A generation ago, Everett Alvarez, flying air support during the Gulf of Tonkin incident, became the first American POW in the Viet Nam tragedy. "Saving Private Ryan" could just as easily have been "Saving Private Rodriguez," for Chicanos were at D-Day and in the frozen fields of Korea. My own family, immigrants to L.A. from the northern Mexican state of Sonora during the Revolution, has sent sons, cousins, and nephews to every branch in the military—my father a Marine in World War II, my uncles in the Navy and Seebees in the same war, my cousins and I in the Army in Korea and Viet Nam. "Mexicans are good fighters," a general once said, and their communities fiercely patriotic, often to a fault.

Since the Viet Nam era, opportunities in most Chicano communities have not improved. Plagued by the redistribution of wealth upwards during the 1980s, successful roll-backs of the minimal gains of the Civil Rights movement, and declining high-school graduation rates, working and middle-class Chicanos find themselves locked out of California's elite universities and excluded from the state's high tech future. In high schools across the country, young men and women of Mexican ancestry whose families have recently immigrated are especially attracted to Junior ROTC programs in order to prove they are Americans.

Military recruiters are eager to exploit the situation. They know two important facts: 1) that so-called Hispanics tend to stay in the military longer than other groups, and 2) that Latinos will make up the largest pool of available 18-year olds for well into the next century. The Pentagon recently considered revising the military aptitude test in order to admit scores of Latinos who previously had failed the exam. These facts together with diminishing life chances mean that Chicanos will be on the frontlines of every U.S. military intervention for decades to come.

Thirty-five years ago, LBJ's Secretary of Defense Robert McNamara created Project 100,000, a program that lowered physical and "mental" admission requirements for the military, and funneled thousands of poor Black and Latino young men into the killing fields of Viet Nam. In the 1990s, what the Pentagon calls a volunteer army is in fact a thinly disguised economic draft.

This is not to question the patriotism of Mexican American enlistees. It is merely to point out that for many working class people, the military is one of the few ways out of a world of limited opportunity and continuing discrimination. Besides military service, Chicanos will be well-represented in the high-growth industries of state security and law enforcement. Former POW Andrew Ramirez's brother is a police officer; Andrew has expressed an interest in a police career. The parents of Steven Gonzales are prison guards at the maximum security facility in Huntsville, Texas.

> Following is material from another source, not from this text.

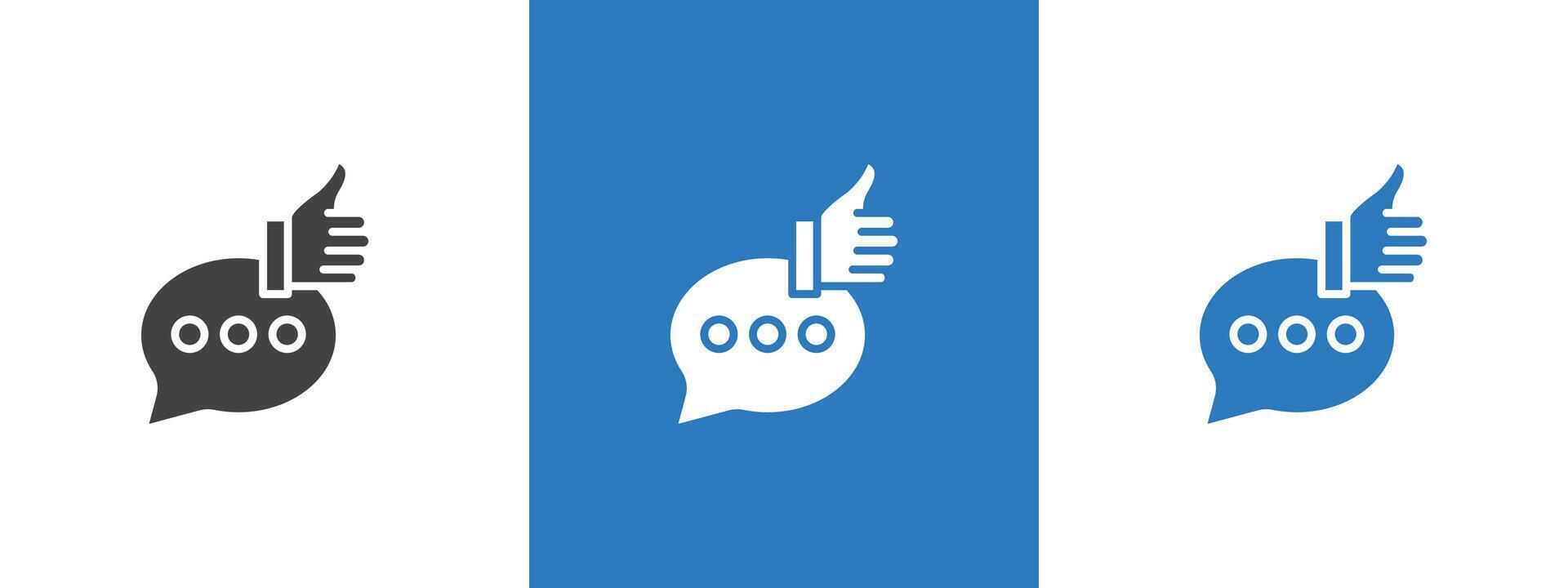 Feedback icon thin line illustration vector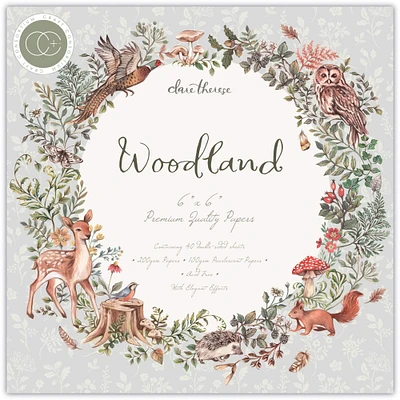 Craft Consortium Woodland Double-Sided Paper Pad, 6" x 6"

Viet Nam was then; Yugoslavia is now. It is never wise to draw historical parallels too closely. Yet the similarities between the current situation and the early years of the war in Southeast Asia are striking—poorly defined objectives, internal debates about bombing vs. ground troops, blind optimism about technological superiority, and a resolute foe with a rich tradition of defeating invading armies. Certainly no one doubts that the current leadership in Belgrade is despicable. But are Americans willing to sacrifice their sons and daughters every time U.S. political and corporate interests demand they do so? How many more black granite walls inscribed with the names of the dead are we prepared to build?

During the late 1960s, Chicanos and Chicanas created their own anti-war movement to protest the destruction being perpetrated by their government. President Nixon took a special interest in the anti-war demonstrations organized by the National Chicano Moratorium Committee in Los Angeles from 1969-71, precisely because it was the first time an ethnic working-class community had opposed the environmental havoc and human genocide that was taking place in Southeast Asia. On August 29, 1970, LAPD and Sheriffs broke up the largest event, killing three people in the process including L.A. Times reporter Rubén Salazar.

The history of Mexican American opposition to senseless wars has been erased from school textbooks and the media; it is not well-known even within Spanish-speaking communities. Unless we revive that history for the next century, there will be many more Chicano POWs and many more Chicano dead. As Chicana poet Maria Herrera Sobek puts it in her poem titled "Silver Medals":

The silver medals
purple hearts
medals of conquering heroes
Hung on Chicano homes
Another Mexican American hero
Brought home under the stars and stripes.
Long gone the need
To prove his manhood.
Long gone the need
To prove his red-blooded genealogy.
And only the stars
Twinkle at our foolish pride.


Jorge Mariscal is a professor at University of California, San Diego and the editor of "Aztlan and Viet Nam: Chicano and Chicana Experiences of the War" (University of California Press, 1999).